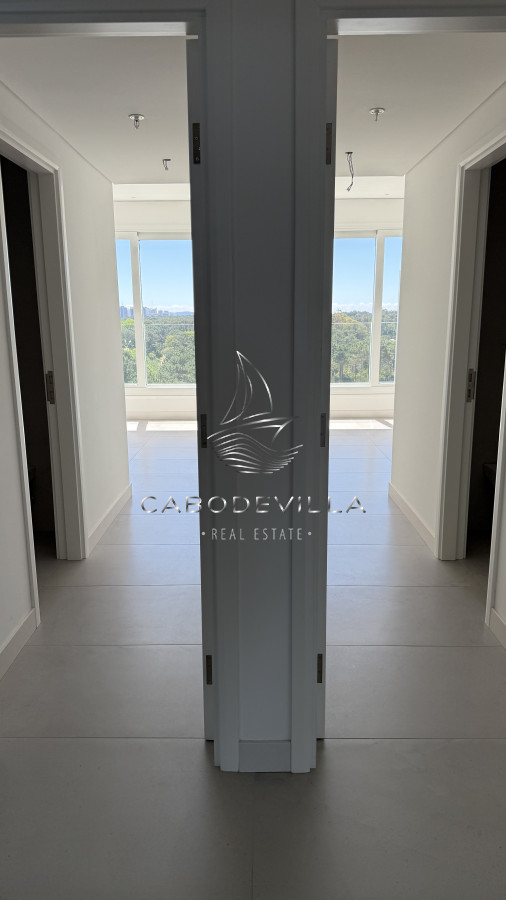 Apartamento ID.967 - En venta departamento de 3 dormitorios Punta del Este 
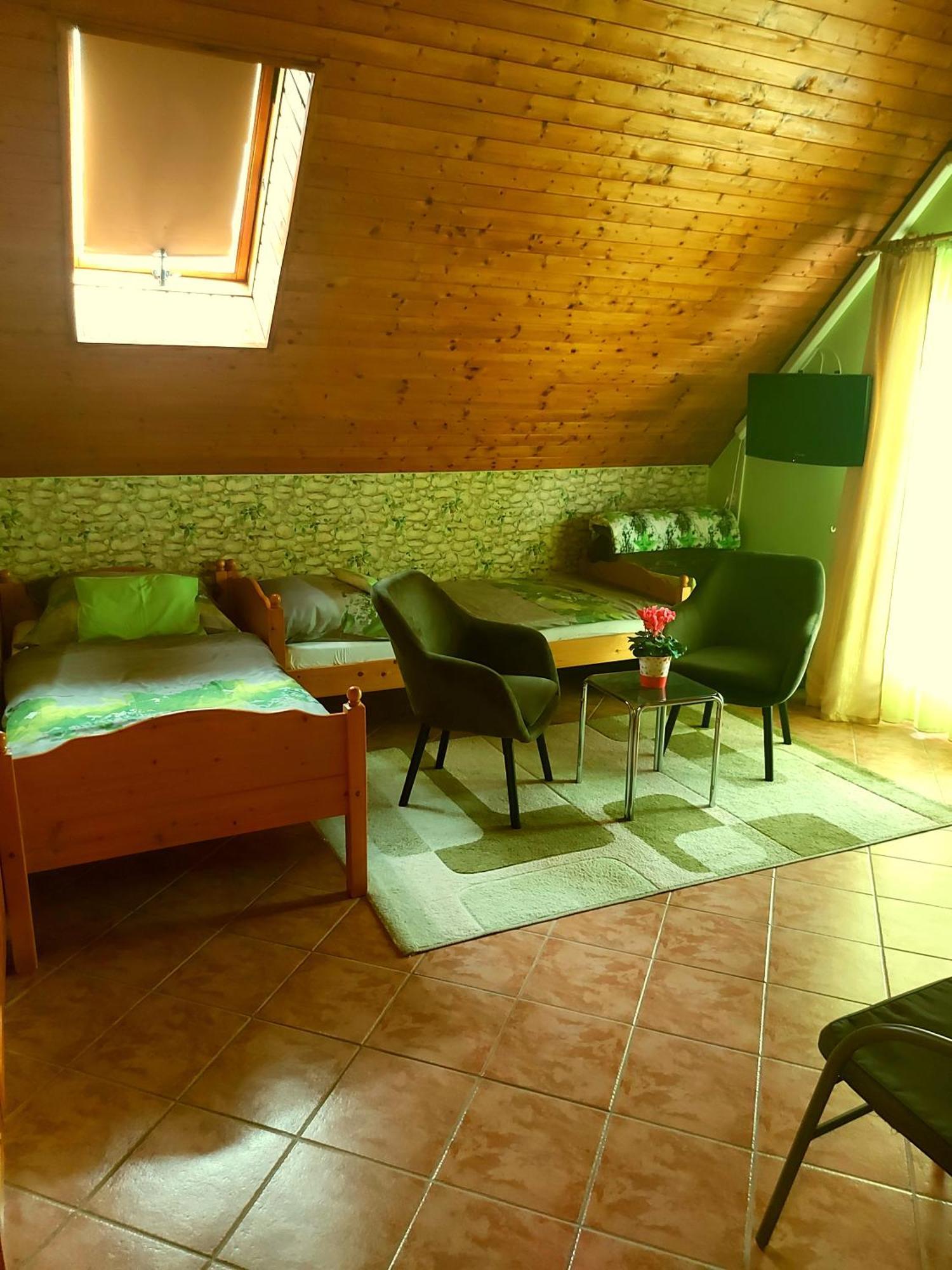 Dora Studio Apartmanok Zalakaros Extérieur photo
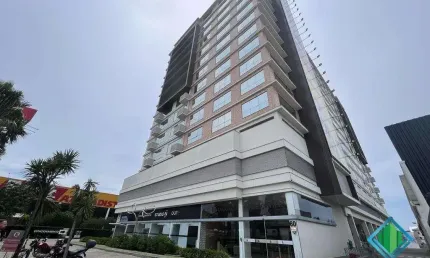 Sala comercial com 1 sala à venda na Rua Sebastião Furtado Pereira, 60, Barreiros, São José, 28 m2 por R$ 330.000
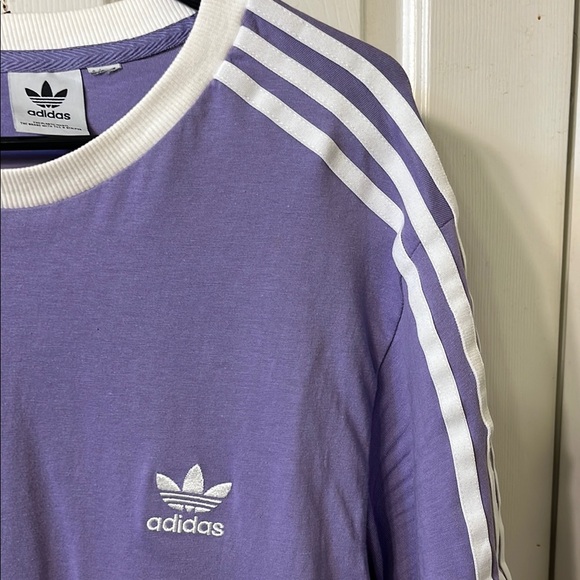 Adidas Purple T-Shirt - Picture 2 of 2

## [Assigned task]
Would you please set down the data above again exactly, without its pictures?

## [Final answer]
 Apartamento ID.967 - En venta departamento de 3 dormitorios Punta del Este 
 Dora Studio Apartmanok Zalakaros Extérieur photo
 Sala comercial com 1 sala à venda na Rua Sebastião Furtado Pereira, 60, Barreiros, São José, 28 m2 por R$ 330.000
 Adidas Purple T-Shirt - Picture 2 of 2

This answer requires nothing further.